В одной половине деревянного дома — я с матерью, в другой — он один. В нашей комнате просторно — для ребёнка всё огромно, большое. Возле глухой белой стены, которая на самом деле была задником русской печи, находившейся в комнате хозяин, он её и топил, варил еду, пёк хлеб, поэтому в нашей комнате всегда тепло, стояла ручная мельница — деревянная колода с жерновом, который надо крутить за ручку, подсыпая зерно: из жестяного носика сыпалась мука. Рядом единственная железная кровать, и напротив большой стол в углу, между двумя окнами.

Зима. Мать уходит на работу, а я на долгий, почти бесконечный день остаюсь один. На улицу не выйти, дверь заперта. Долго смотрю в окно, выглядывая мать, но её всё нет. Невыносимо скучно. Мой разум девственен, я ничего не знаю об окружающем мире, о своей взаимосвязи с ним, у меня ещё нет воспоминаний. Для меня весь мир – это моя мать, но её нет и нет. Невыносимо долго нет.

В маленьком дворике никаких перемен, даже старика не видно, никакой живности. В комнате ни одной игрушки. На столе в беспорядке множество предметов. Я ещё не знал, как они называются, возможно, поэтому они и не запечатлелись в памяти. Просто, какие-то предметы. Нечто абстрактное.

Если бы кто-то сказал: Это — катушка ниток. Я бы подумал: Да, конечно. Теперь я знаю, как это называется. Но некому сказать, что это — чернильница, а это — ручка с пером. Неназванное не фиксируется в памяти. У матери нет шкатулки, где всё это могло бы лежать. Навожу свой порядок: всё расставляю в ряд на край стола возле стены, чтобы не мешалось. Предметов хватало на полтора ряда. Огромный стол почти свободен, и это мне нравится. Навел порядок. Так красивее. Так должно быть.
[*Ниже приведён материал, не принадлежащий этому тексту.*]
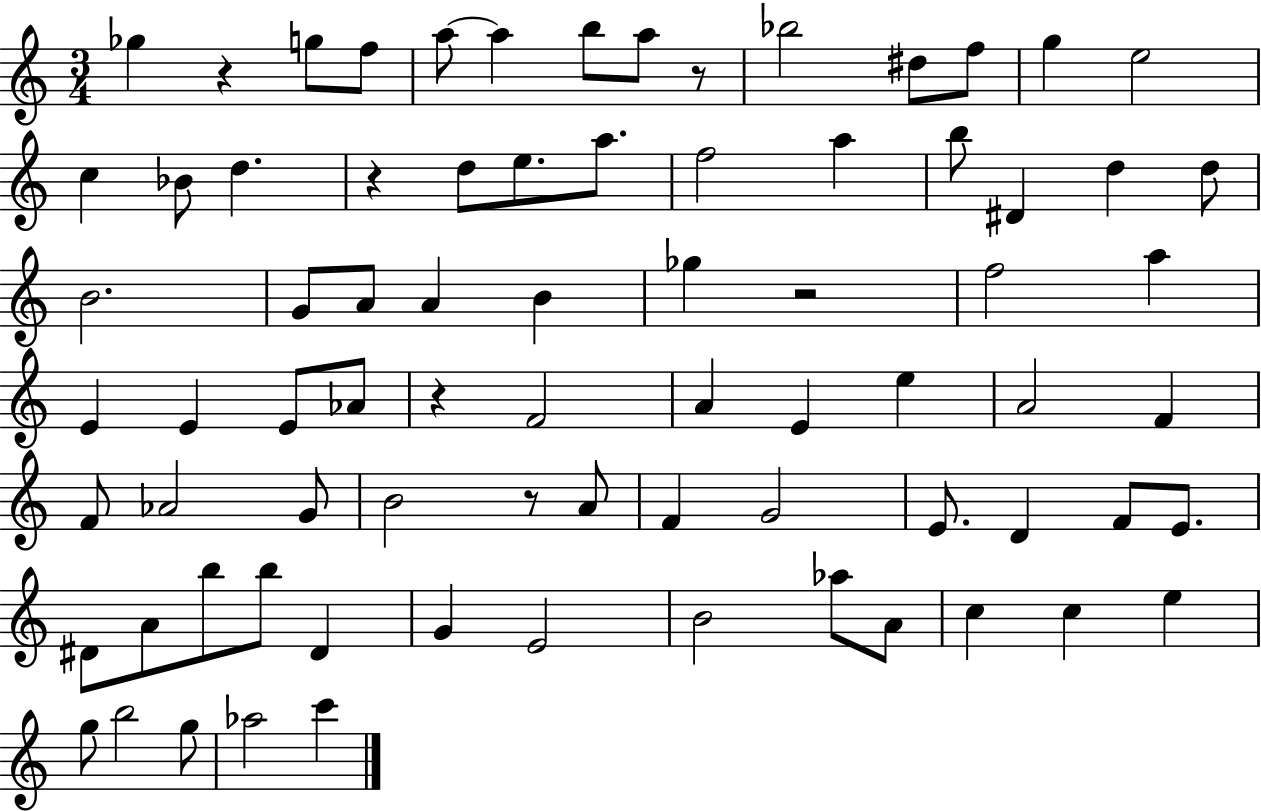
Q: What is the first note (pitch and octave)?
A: Gb5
Я не сознавал, что стремление, наводить порядок, было у меня в генах, и останется на всю жизнь. Пойму это в конце жизни. Не самая плохая черта, доставшаяся по-наследству. Но вот же странно, у матери нет этого стремления.

Снова принимаюсь смотреть в окно. Иногда плакал, но это не помогало, матери всё нет. День, казалось, никогда не кончится. Чтобы хоть чем-то занять себя, подходил к ручной мельнице в виде невысокого обрубка ствола с металлической ограждающей полосой, возможно, алюминиевой, и раскручивал жернова за ручку.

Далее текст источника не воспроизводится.